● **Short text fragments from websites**
....
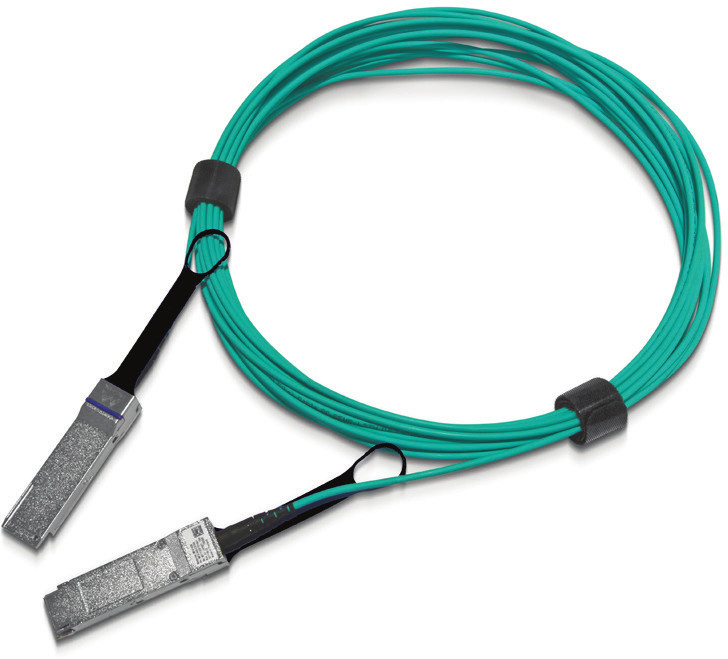 Mellanox MELLANOX HDR Infiniband active fibre cable MFS1S00-H003E 200Gb/s MFS1S00-H003E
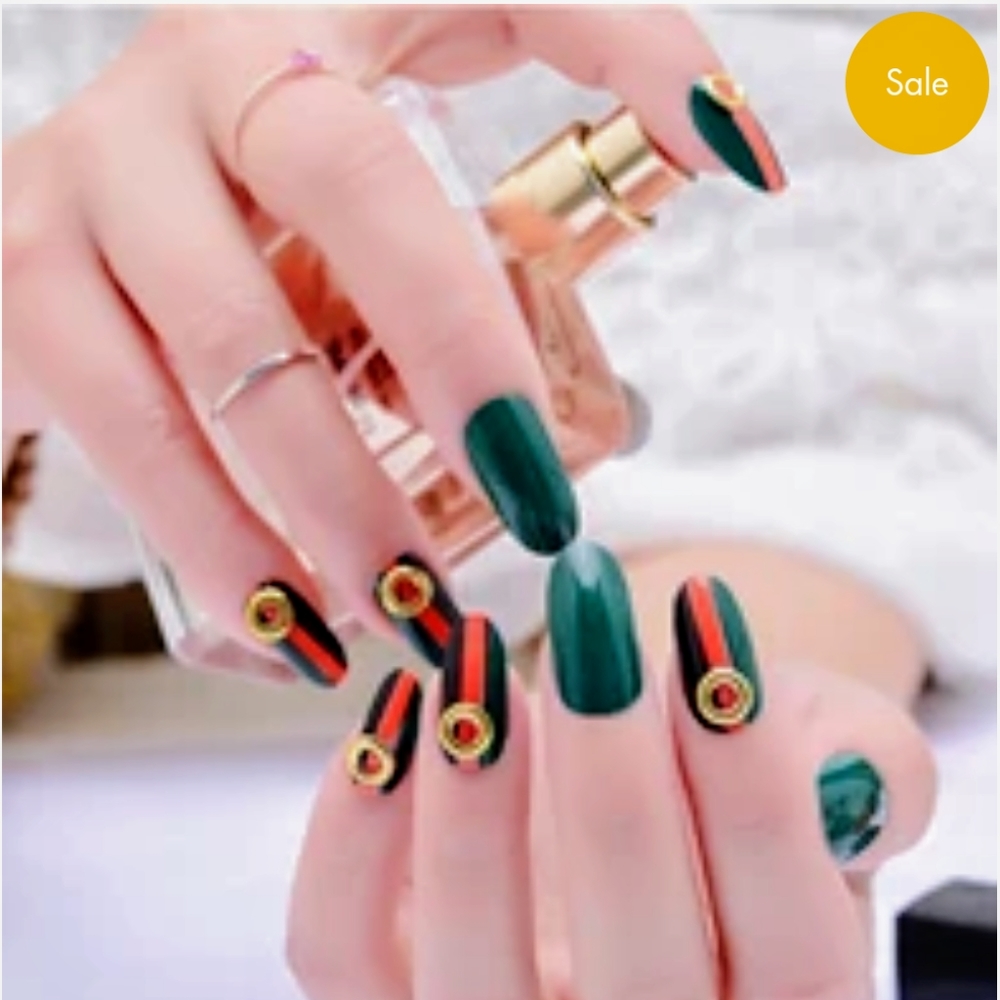 Posh Babe Press On Nails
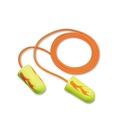 Ear Plugs | 3M 311-1252 E-A-Rsoft Corded Foam Blasts Earplugs - Yellow Neon (200/Box) image number 0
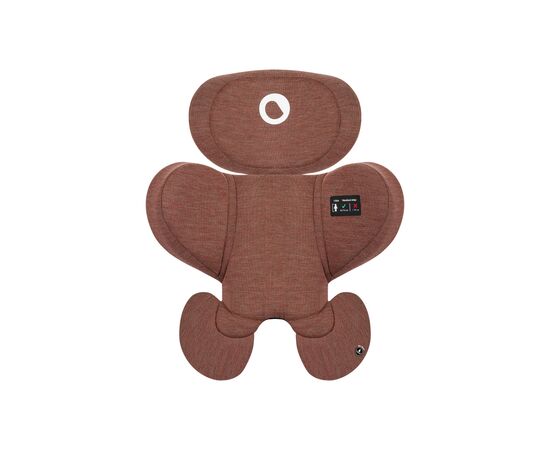 Автокресло Lionelo Harmony I-Size Red Brick Bamboo (LO-HARMONY I-SIZE RED BRICK BAMBOO), изображение 12 Автокресло Lionelo Harmony I-Size Red Brick Bamboo (LO-HARMONY I-SIZE RED BRICK BAMBOO), изображение 12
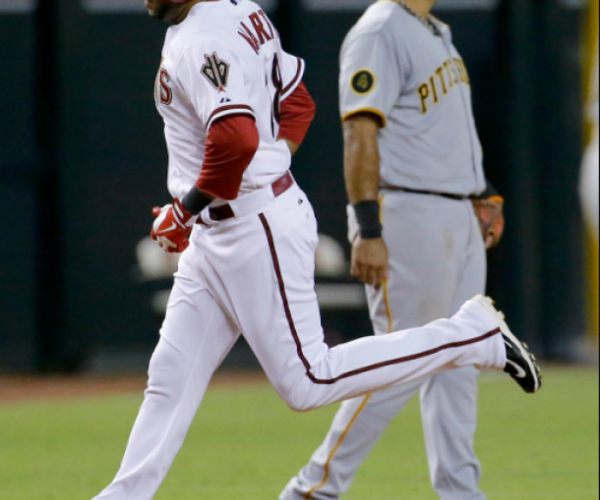 D-backs Defeat Pirates 7-4 Despite Trading Two Starters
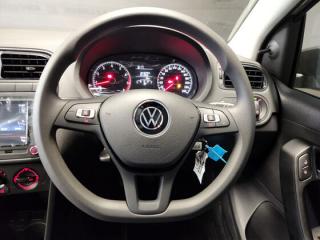 Volkswagen Polo Vivo hatch 1.4 Trendline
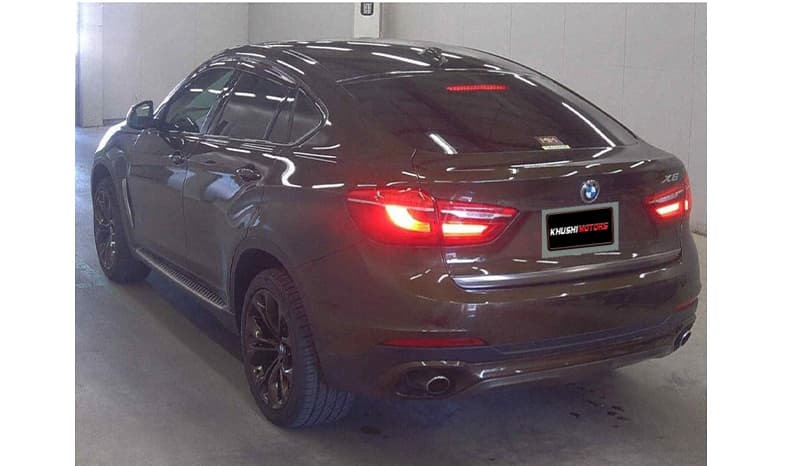 2015 Bmw X6 image-8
....
● **Problem to work on**
With the pictures excluded, the line containing "Posh Babe Press On Nails" and every line after it through the end of the data above are to be transcribed exactly, and nothing more.

● **Solution for this problem**
 Posh Babe Press On Nails
 Ear Plugs | 3M 311-1252 E-A-Rsoft Corded Foam Blasts Earplugs - Yellow Neon (200/Box) image number 0
 Автокресло Lionelo Harmony I-Size Red Brick Bamboo (LO-HARMONY I-SIZE RED BRICK BAMBOO), изображение 12 Автокресло Lionelo Harmony I-Size Red Brick Bamboo (LO-HARMONY I-SIZE RED BRICK BAMBOO), изображение 12
 D-backs Defeat Pirates 7-4 Despite Trading Two Starters
 Volkswagen Polo Vivo hatch 1.4 Trendline
 2015 Bmw X6 image-8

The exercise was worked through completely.